■ Data in this exercise ■

§

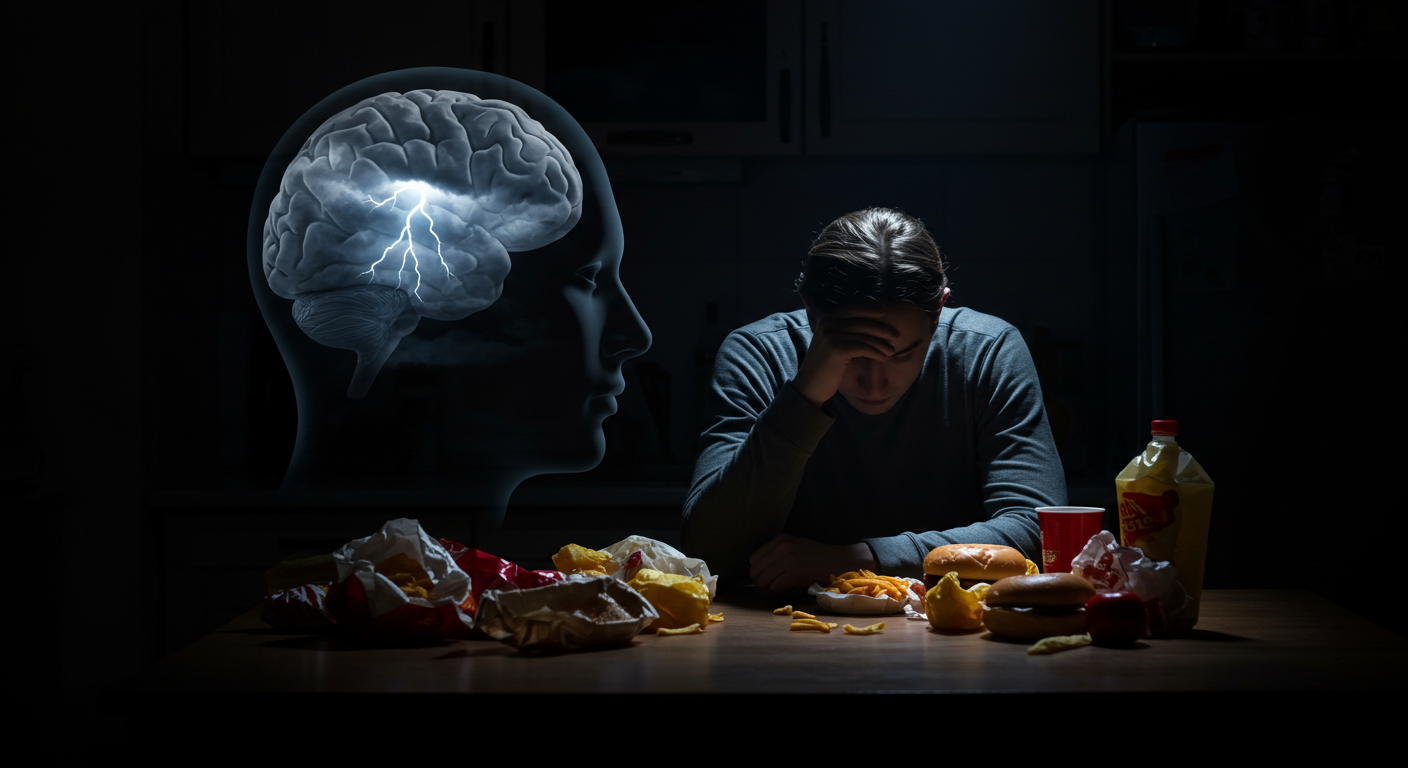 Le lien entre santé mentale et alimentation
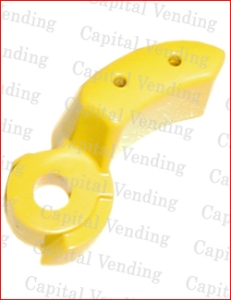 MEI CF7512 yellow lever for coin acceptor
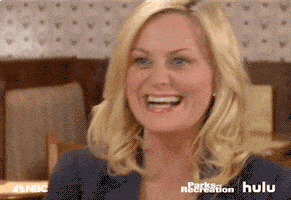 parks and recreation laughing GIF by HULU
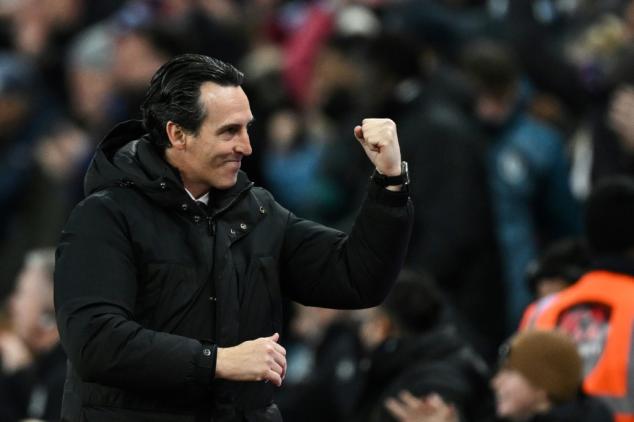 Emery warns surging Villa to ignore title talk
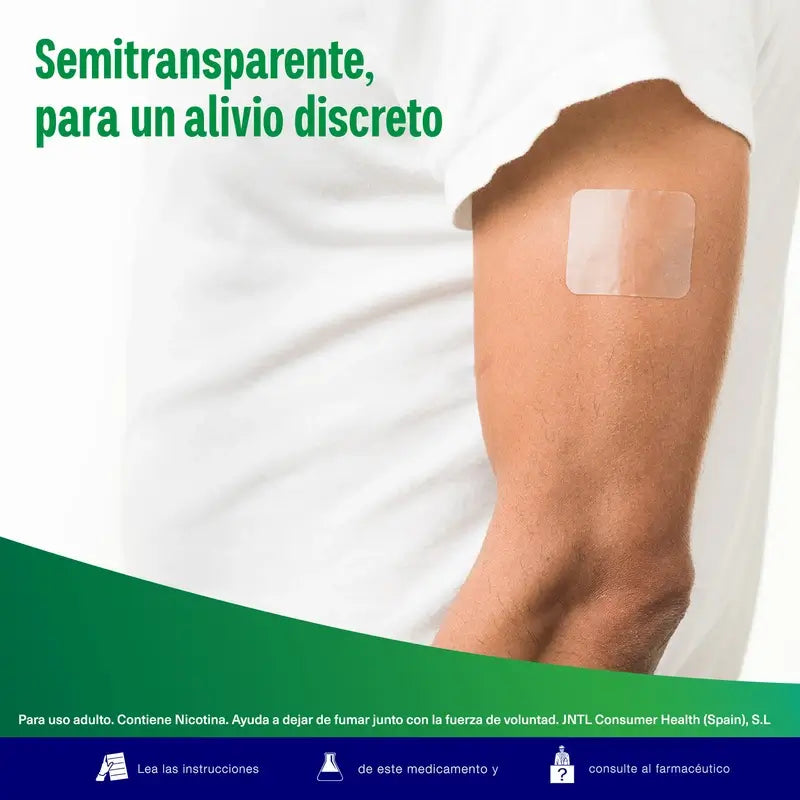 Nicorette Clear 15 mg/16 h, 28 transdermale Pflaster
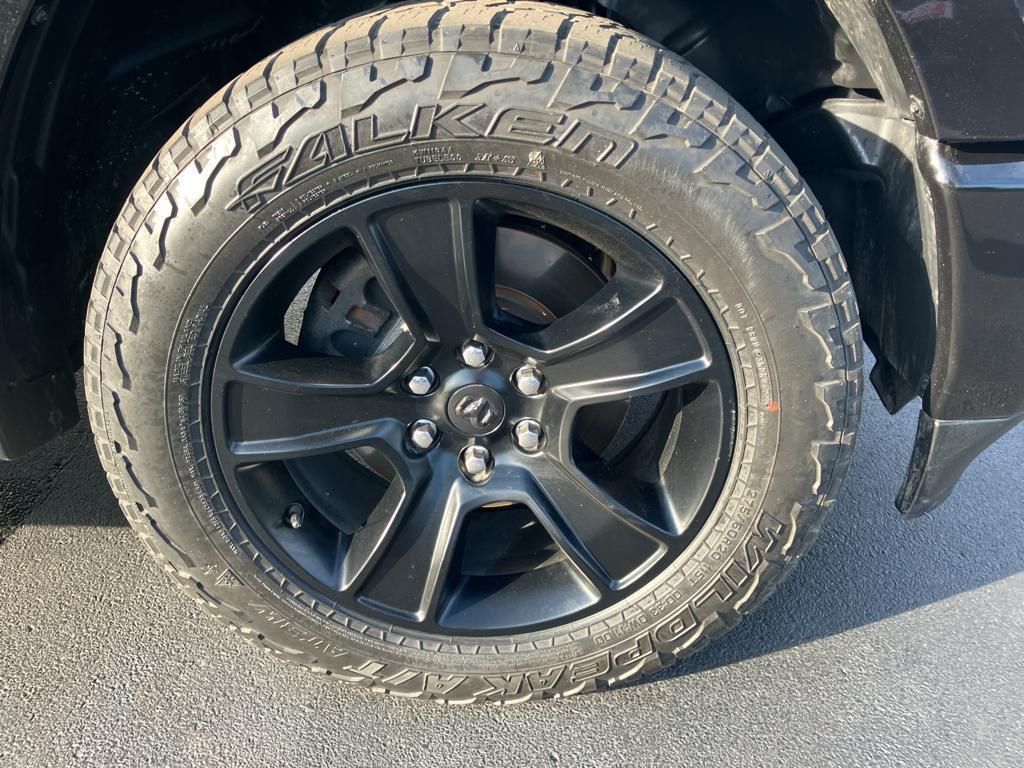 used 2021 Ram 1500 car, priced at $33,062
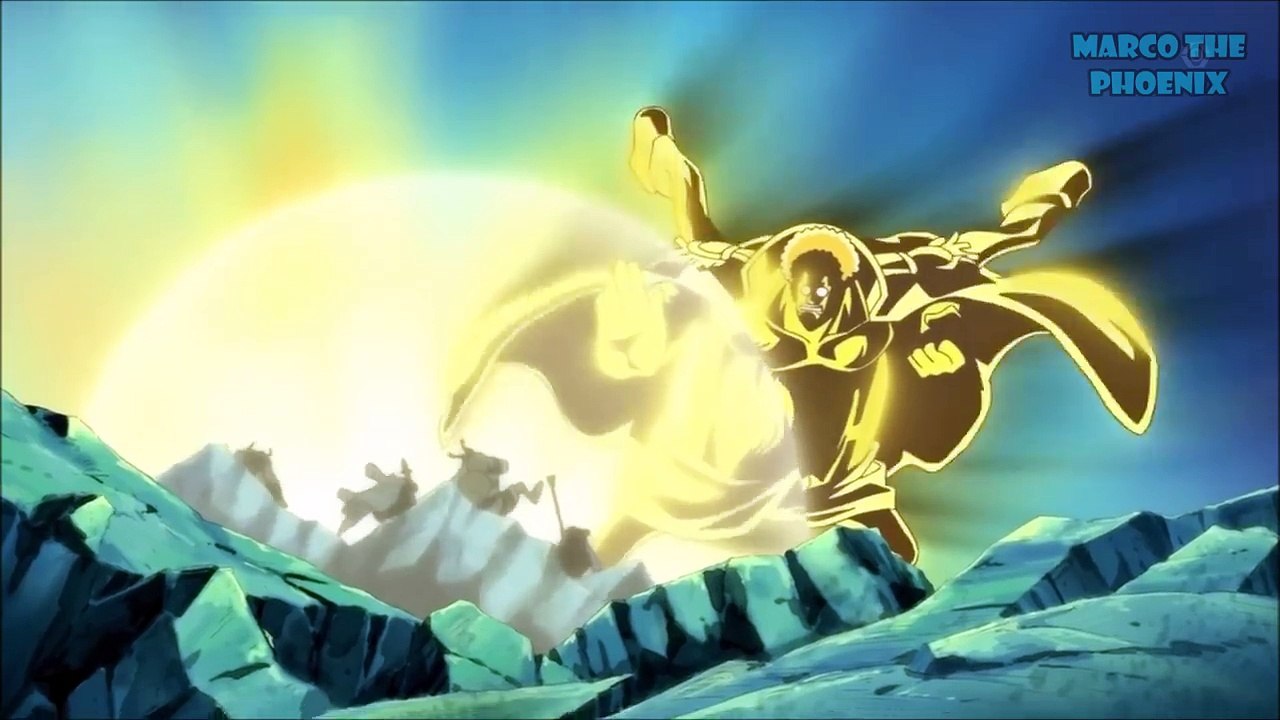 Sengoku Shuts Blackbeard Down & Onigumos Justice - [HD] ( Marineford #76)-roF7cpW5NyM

§

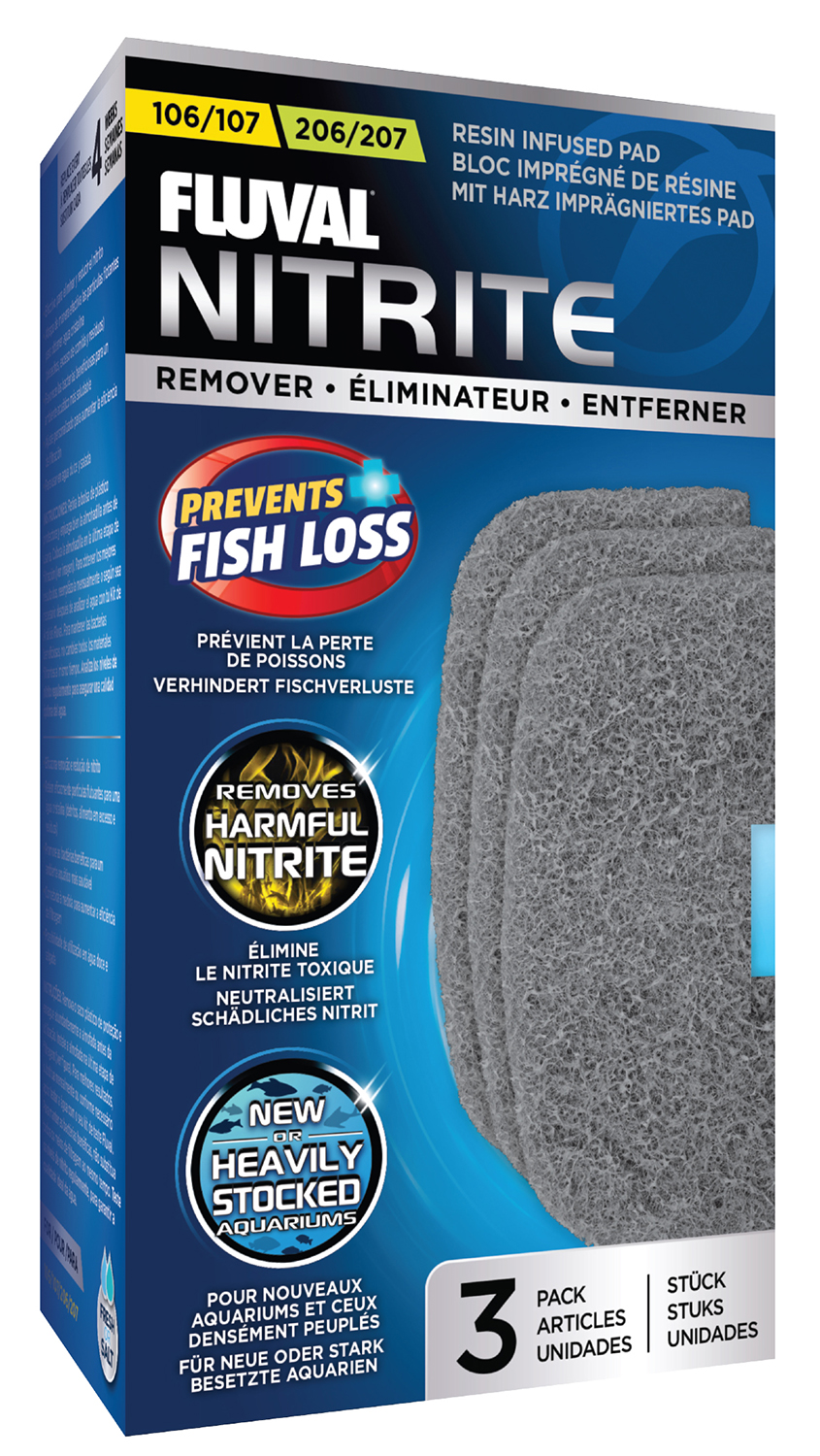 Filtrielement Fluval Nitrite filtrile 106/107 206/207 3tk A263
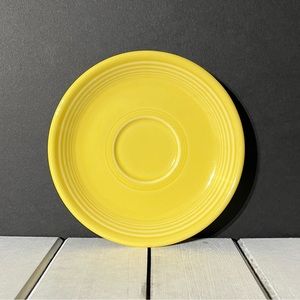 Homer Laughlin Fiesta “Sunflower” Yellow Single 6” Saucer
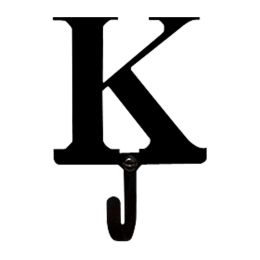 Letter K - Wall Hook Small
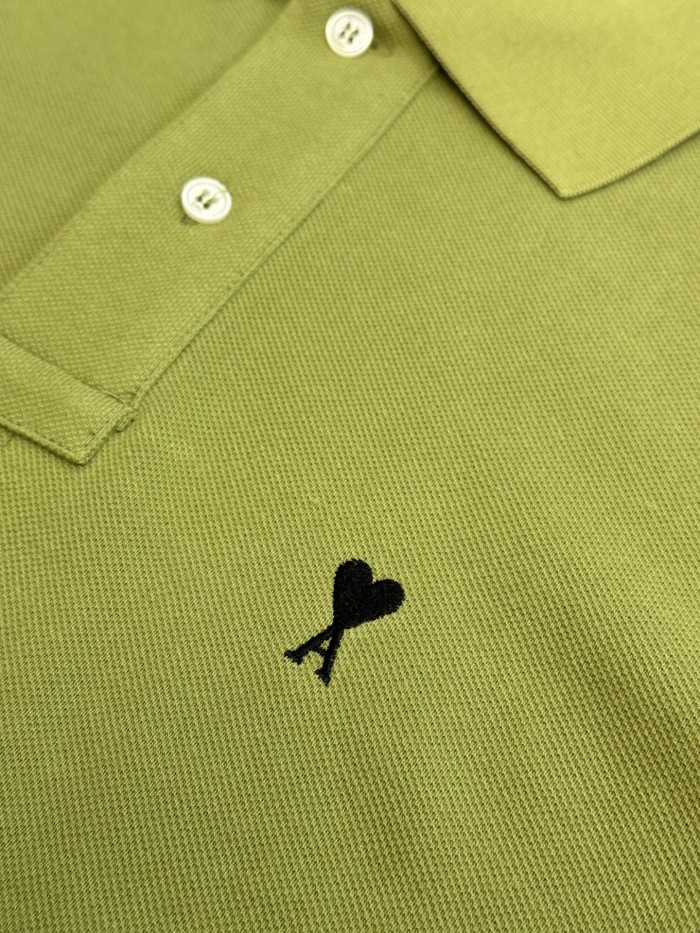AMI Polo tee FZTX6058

§

■ Your instructions ■
Starting from the line with "Le lien entre santé mentale et alimentation" in the records above, repeat each line exactly until you have written the line with "Sengoku Shuts Blackbeard", then stop; drop the pictures.

■ Your response ■
 Le lien entre santé mentale et alimentation
 MEI CF7512 yellow lever for coin acceptor
 parks and recreation laughing GIF by HULU
 Emery warns surging Villa to ignore title talk
 Nicorette Clear 15 mg/16 h, 28 transdermale Pflaster
 used 2021 Ram 1500 car, priced at $33,062
 Sengoku Shuts Blackbeard Down & Onigumos Justice - [HD] ( Marineford #76)-roF7cpW5NyM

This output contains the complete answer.